Brahma Sutras (Shankaracharya)

by George Thibaut | 1890 | 203,611 words

English translation of the Brahma sutras (aka. Vedanta Sutras) with commentary by Shankaracharya (Shankara Bhashya): One of the three canonical texts of the Vedanta school of Hindu philosophy. The Brahma sutra is the exposition of the philosophy of the Upanishads. It is an attempt to systematise the various strands of the Upanishads which form the ...

4. And (the pradhāna cannot be meant) because there is no statement as to (the avyakta) being something to be cognised.

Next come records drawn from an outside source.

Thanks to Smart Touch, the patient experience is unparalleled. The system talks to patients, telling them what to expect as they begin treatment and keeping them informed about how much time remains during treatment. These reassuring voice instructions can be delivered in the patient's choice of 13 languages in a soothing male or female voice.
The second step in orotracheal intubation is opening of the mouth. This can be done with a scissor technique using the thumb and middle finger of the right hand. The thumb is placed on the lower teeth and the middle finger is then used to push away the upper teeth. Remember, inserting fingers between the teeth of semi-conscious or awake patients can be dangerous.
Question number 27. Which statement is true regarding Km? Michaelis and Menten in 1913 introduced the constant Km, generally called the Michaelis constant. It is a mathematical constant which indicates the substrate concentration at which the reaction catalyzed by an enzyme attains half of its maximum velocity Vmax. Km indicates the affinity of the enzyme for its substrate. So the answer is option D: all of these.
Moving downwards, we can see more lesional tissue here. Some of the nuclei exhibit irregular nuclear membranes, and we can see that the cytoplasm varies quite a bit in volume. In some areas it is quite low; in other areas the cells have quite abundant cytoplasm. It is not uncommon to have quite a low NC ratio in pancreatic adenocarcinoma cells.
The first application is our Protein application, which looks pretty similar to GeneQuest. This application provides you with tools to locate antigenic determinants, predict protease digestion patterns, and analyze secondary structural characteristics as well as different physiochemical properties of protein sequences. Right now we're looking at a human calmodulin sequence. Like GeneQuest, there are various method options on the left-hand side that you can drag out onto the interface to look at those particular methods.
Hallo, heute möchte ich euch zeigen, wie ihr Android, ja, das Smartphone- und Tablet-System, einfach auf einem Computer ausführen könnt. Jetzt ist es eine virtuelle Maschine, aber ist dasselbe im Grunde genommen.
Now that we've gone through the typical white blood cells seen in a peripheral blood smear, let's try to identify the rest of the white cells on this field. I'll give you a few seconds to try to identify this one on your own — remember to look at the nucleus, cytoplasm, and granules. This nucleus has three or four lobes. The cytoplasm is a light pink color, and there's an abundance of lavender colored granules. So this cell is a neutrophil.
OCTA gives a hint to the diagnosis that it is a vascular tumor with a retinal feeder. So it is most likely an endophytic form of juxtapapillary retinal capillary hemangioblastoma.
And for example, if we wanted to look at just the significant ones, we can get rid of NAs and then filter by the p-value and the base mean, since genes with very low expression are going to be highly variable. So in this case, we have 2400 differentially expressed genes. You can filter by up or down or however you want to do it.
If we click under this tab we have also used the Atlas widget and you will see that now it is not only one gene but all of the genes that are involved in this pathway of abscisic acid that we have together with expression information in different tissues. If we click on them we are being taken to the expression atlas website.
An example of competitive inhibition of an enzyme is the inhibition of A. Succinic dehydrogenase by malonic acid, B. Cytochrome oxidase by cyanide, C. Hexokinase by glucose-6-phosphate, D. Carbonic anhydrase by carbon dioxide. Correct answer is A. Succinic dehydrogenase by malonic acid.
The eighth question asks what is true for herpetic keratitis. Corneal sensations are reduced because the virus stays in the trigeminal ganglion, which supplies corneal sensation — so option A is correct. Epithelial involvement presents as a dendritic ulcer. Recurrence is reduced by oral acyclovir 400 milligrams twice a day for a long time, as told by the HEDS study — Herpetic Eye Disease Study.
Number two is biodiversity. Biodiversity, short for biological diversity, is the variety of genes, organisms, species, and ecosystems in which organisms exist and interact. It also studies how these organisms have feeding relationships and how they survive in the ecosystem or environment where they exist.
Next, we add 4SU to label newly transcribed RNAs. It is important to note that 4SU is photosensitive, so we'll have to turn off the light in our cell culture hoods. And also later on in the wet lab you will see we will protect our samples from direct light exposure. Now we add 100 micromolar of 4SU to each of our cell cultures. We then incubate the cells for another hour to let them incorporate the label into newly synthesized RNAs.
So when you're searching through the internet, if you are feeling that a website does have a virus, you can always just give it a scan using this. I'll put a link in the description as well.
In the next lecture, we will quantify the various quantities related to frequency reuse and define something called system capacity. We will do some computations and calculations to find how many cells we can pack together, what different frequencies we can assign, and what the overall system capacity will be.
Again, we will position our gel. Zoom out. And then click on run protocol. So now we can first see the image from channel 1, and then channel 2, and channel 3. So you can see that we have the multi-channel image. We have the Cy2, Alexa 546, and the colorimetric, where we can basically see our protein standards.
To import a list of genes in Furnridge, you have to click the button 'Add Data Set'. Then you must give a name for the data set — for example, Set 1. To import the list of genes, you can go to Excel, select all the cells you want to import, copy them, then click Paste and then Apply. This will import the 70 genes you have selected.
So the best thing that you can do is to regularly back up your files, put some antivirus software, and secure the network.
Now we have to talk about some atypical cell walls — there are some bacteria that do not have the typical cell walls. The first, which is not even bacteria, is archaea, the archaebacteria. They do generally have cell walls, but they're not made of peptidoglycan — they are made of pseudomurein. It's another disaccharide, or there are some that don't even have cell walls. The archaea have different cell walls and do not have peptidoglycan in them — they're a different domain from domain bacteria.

The Sāṅkhyas, moreover, represent the pradhāna as something to be cognised in so far as they say that from the knowledge of the difference of the constitutive elements of the pradhāna and of the soul there results the desired isolation of the soul. For without a knowledge of the nature of those constitutive elements it is impossible to cognise the difference of the soul from them. And somewhere they teach that the pradhāna is to be cognised by him who wishes to attain special powers.--Now in the passage under discussion the avyakta is not mentioned as an object of knowledge; we there meet with the mere word avyakta, and there is no sentence intimating that the avyakta is to be known or meditated upon. And it is impossible to maintain that a knowledge of things which (knowledge) is not taught in the text is of any advantage to man.--For this reason also we maintain that the word avyakta cannot denote the pradhāna.--Our interpretation, on the other hand, is unobjectionable, since according to it the passage mentions the body (not as an object of knowledge, but merely) for the purpose of throwing light on the highest place of Viṣṇu, in continuation of the simile in which the body had been compared to a chariot.